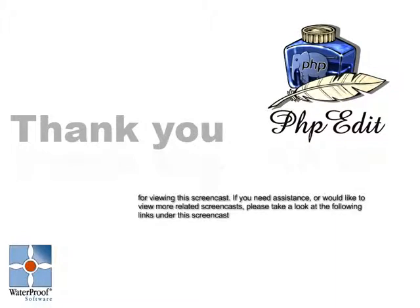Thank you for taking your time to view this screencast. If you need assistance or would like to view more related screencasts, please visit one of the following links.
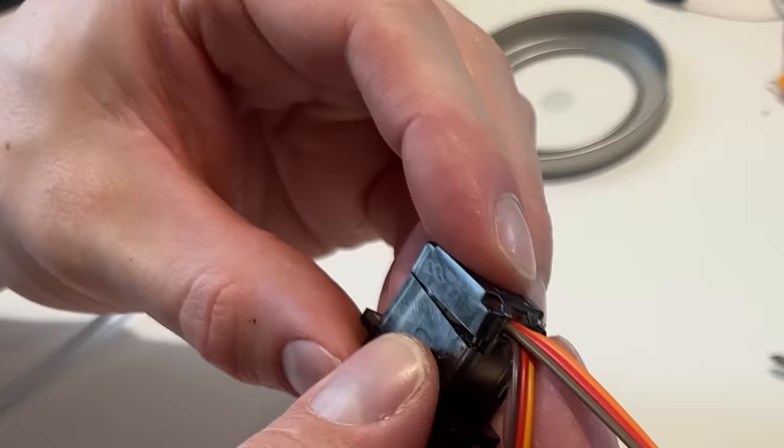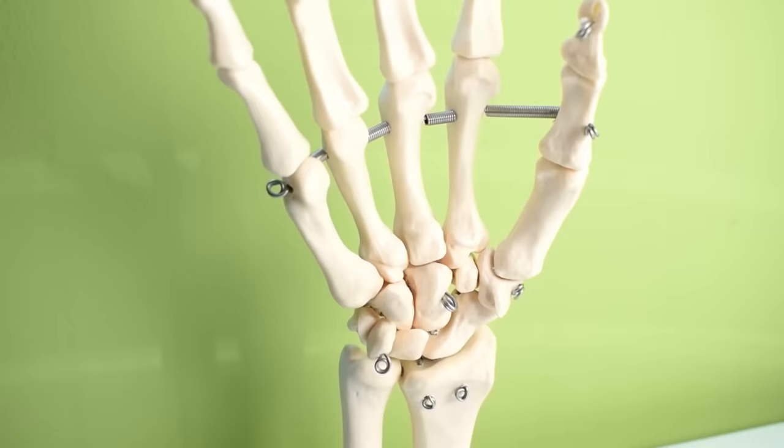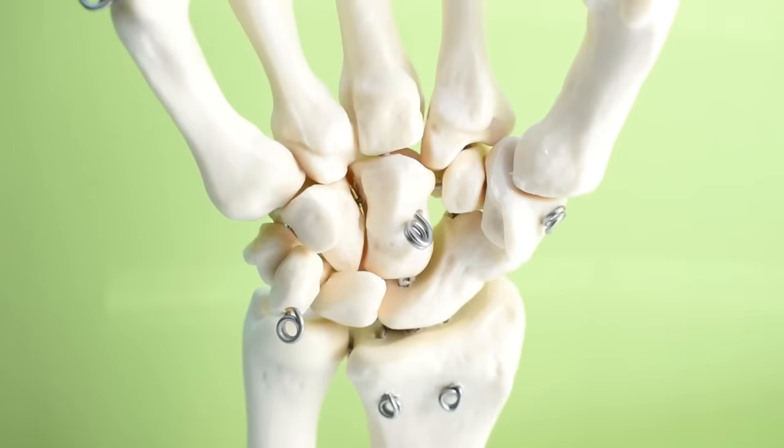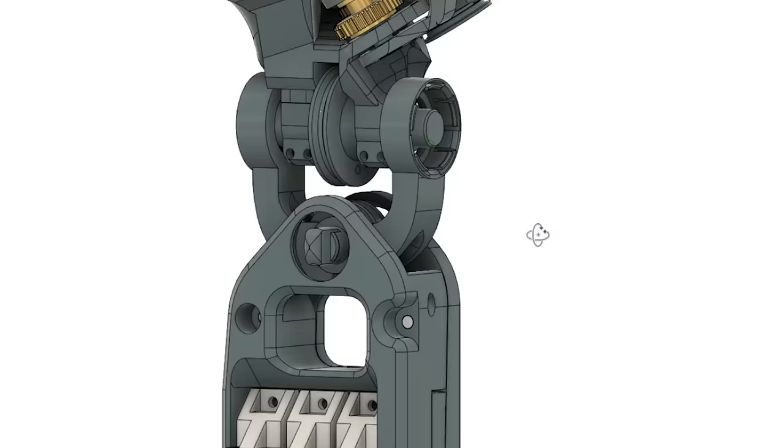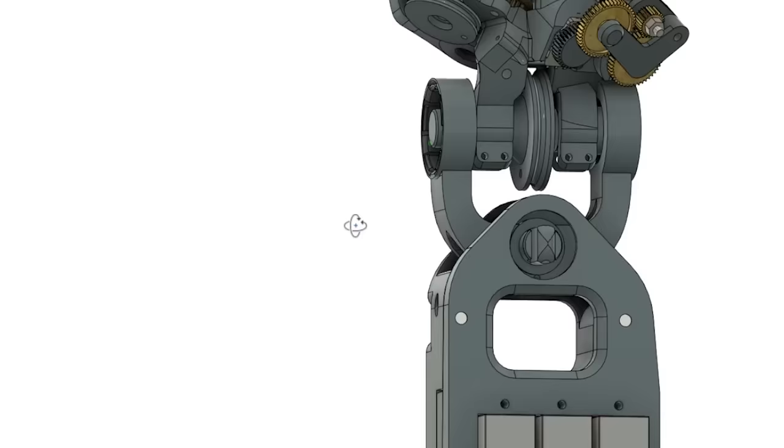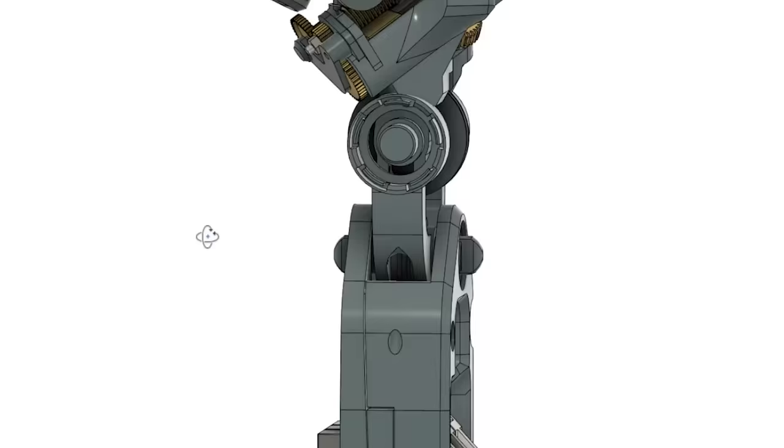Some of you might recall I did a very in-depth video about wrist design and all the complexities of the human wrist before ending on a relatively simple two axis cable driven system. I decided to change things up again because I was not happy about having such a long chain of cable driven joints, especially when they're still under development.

* * *

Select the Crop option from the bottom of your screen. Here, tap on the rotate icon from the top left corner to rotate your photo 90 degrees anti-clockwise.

---

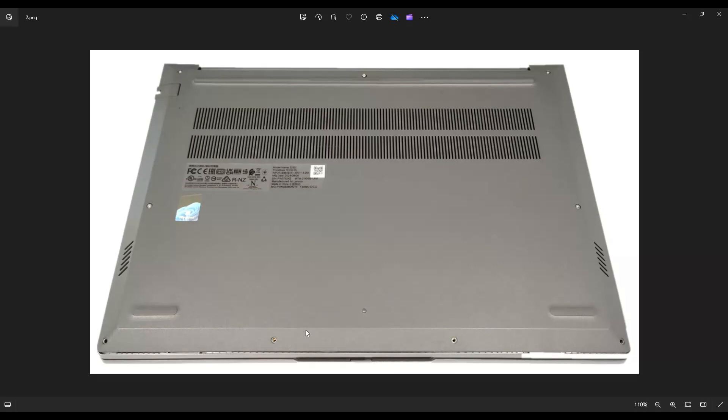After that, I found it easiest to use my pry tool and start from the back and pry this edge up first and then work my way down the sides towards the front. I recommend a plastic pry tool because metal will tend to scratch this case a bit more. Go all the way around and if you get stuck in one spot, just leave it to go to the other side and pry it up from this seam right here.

* **Prompt**:
Exactly reproduce the lines above, starting at the one that contains "Thank you for" and ending at the one that contains "Some of you", both inclusive; leave the pictures out and add no other lines.

* **Answer for this exercise**:
Thank you for taking your time to view this screencast. If you need assistance or would like to view more related screencasts, please visit one of the following links.
Some of you might recall I did a very in-depth video about wrist design and all the complexities of the human wrist before ending on a relatively simple two axis cable driven system. I decided to change things up again because I was not happy about having such a long chain of cable driven joints, especially when they're still under development.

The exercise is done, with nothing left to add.